• _Input for this task_:
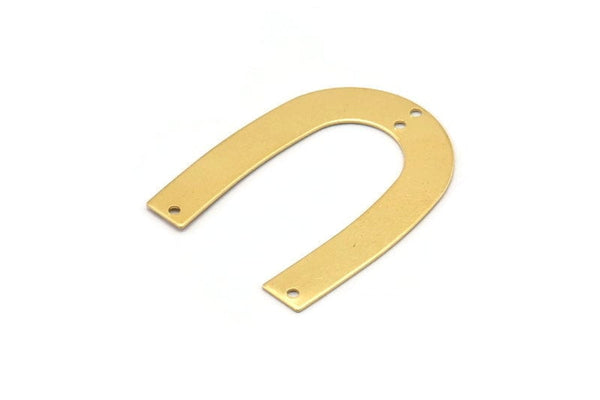 Brass Geometric Charm, 12 Raw Brass U Shaped Pendants With 4 Holes, Charms, Findings (35x27x0.50mm) D0578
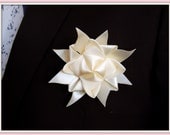 Hand-weaved Ivory Ribbon Lotus Flower Boutonniere - Prom, Wedding, Groom, Lapel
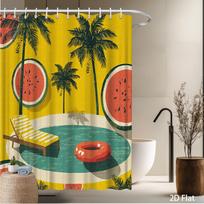 Watermelon & Palm Tree Shower Curtain – Vibrant Yellow Green Pool Scene, Tropical Beach Design, Polyester, Includes Hooks W60H190(CM)-1 Pcs yellow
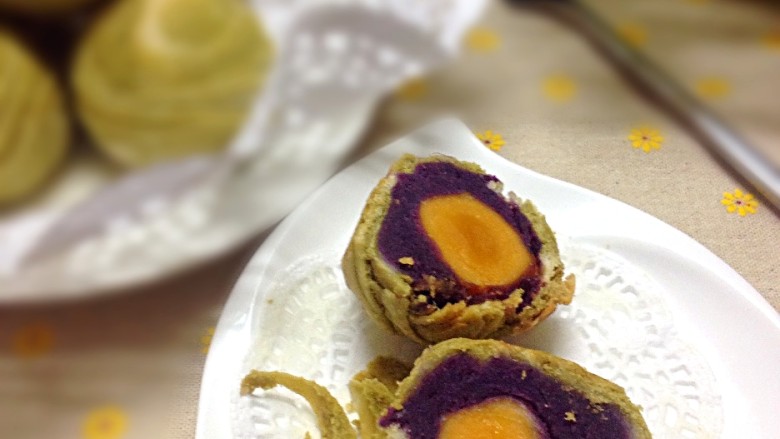 紫薯蛋黄抹茶酥,酥松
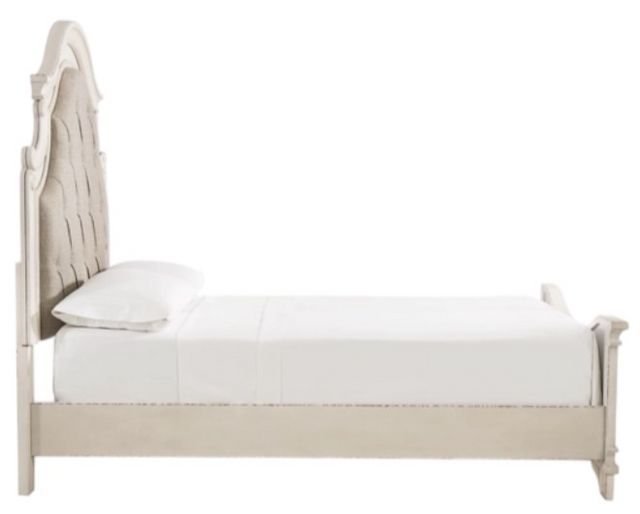 Signature Design by Ashley® Realyn Chipped White Queen Upholstered Panel Bed-3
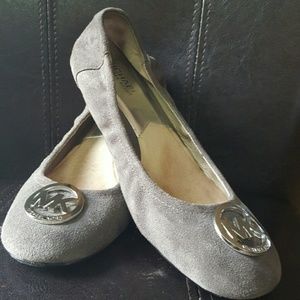 Michael Kors grey suede flats silver MK logo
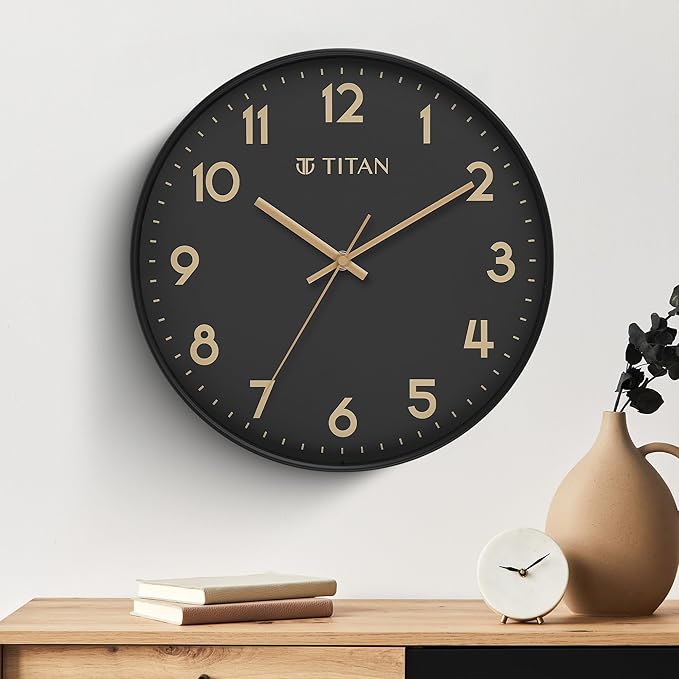 Titan Essence Classic Analog Wall Clock - Black W0094PA02 - KRISHNA WATCH COMPANY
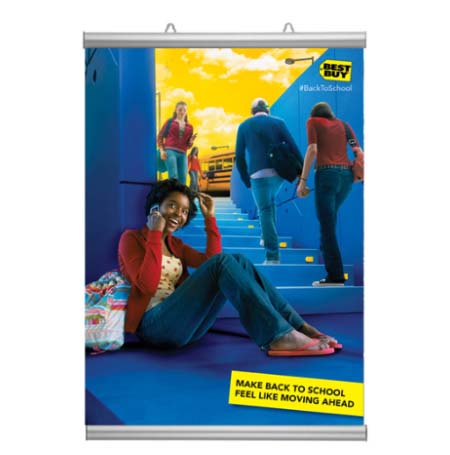 18" Wide Poster Bar Set Snap Frame Rails Hanging Top and Bottom | Silver Frame Finish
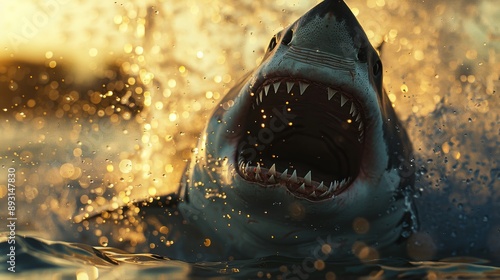 A Close up of a Shark With It's Mouth Open and Teeth Bared - Generative AI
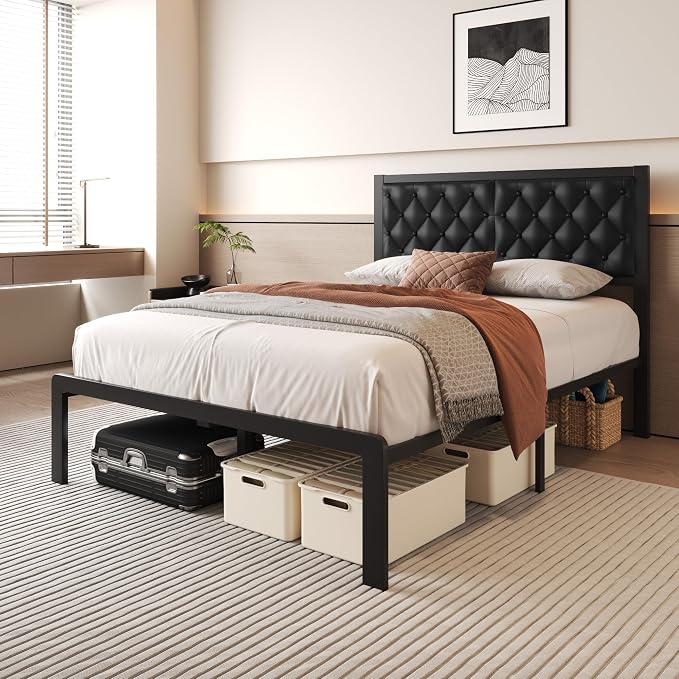 Fluest Full Bed Frame with Headboard PU Leather Upholstered Bed Frame Platform,All Metal Slats Support Platform Bed Frame with Storage Space,Easy Assembly,Noise Free,No Box Spring Needed,Black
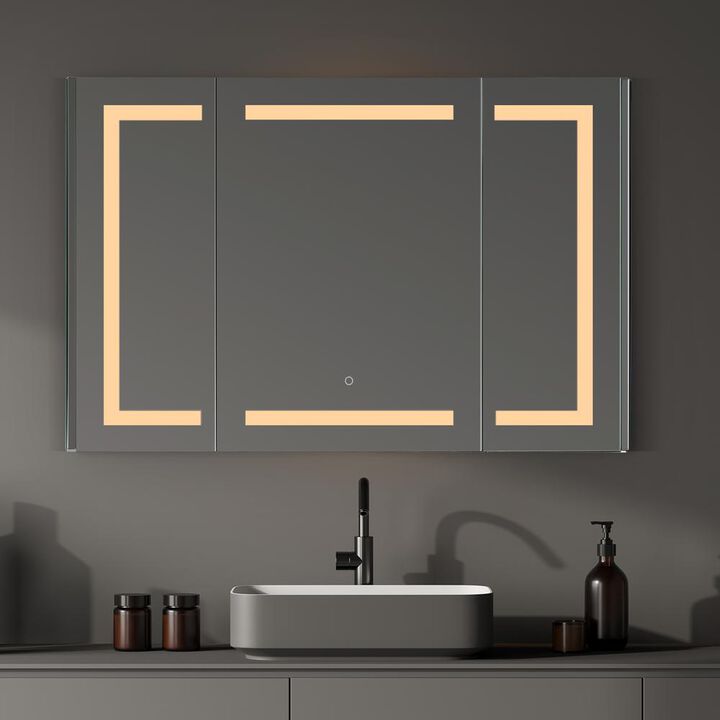 Altair Frameless Surface-Mount/Recessed LED Lighted Bathroom Medicine Cabinet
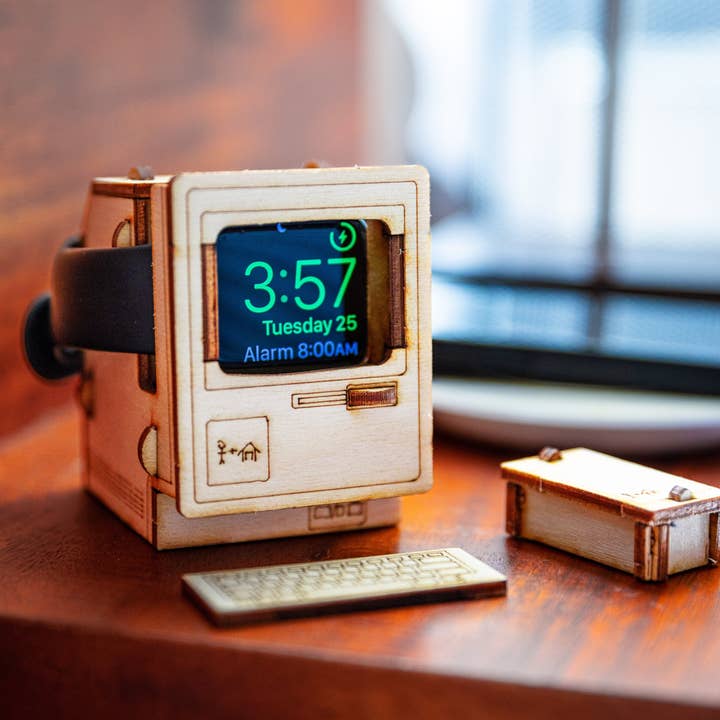 Vintage Computer Watch Charger Stand. Add a touch of rad retro tech to your nightstand or office desk for wholesale by One Man One Garage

• _Instructions for the task_: Only an exact copy of the lines from the top of the entries through the line with "Silver Frame Finish", both included, should be given, with all pictures omitted.

• _Reply to the exercise_:
 Brass Geometric Charm, 12 Raw Brass U Shaped Pendants With 4 Holes, Charms, Findings (35x27x0.50mm) D0578
 Hand-weaved Ivory Ribbon Lotus Flower Boutonniere - Prom, Wedding, Groom, Lapel
 Watermelon & Palm Tree Shower Curtain – Vibrant Yellow Green Pool Scene, Tropical Beach Design, Polyester, Includes Hooks W60H190(CM)-1 Pcs yellow
 紫薯蛋黄抹茶酥,酥松
 Signature Design by Ashley® Realyn Chipped White Queen Upholstered Panel Bed-3
 Michael Kors grey suede flats silver MK logo
 Titan Essence Classic Analog Wall Clock - Black W0094PA02 - KRISHNA WATCH COMPANY
 18" Wide Poster Bar Set Snap Frame Rails Hanging Top and Bottom | Silver Frame Finish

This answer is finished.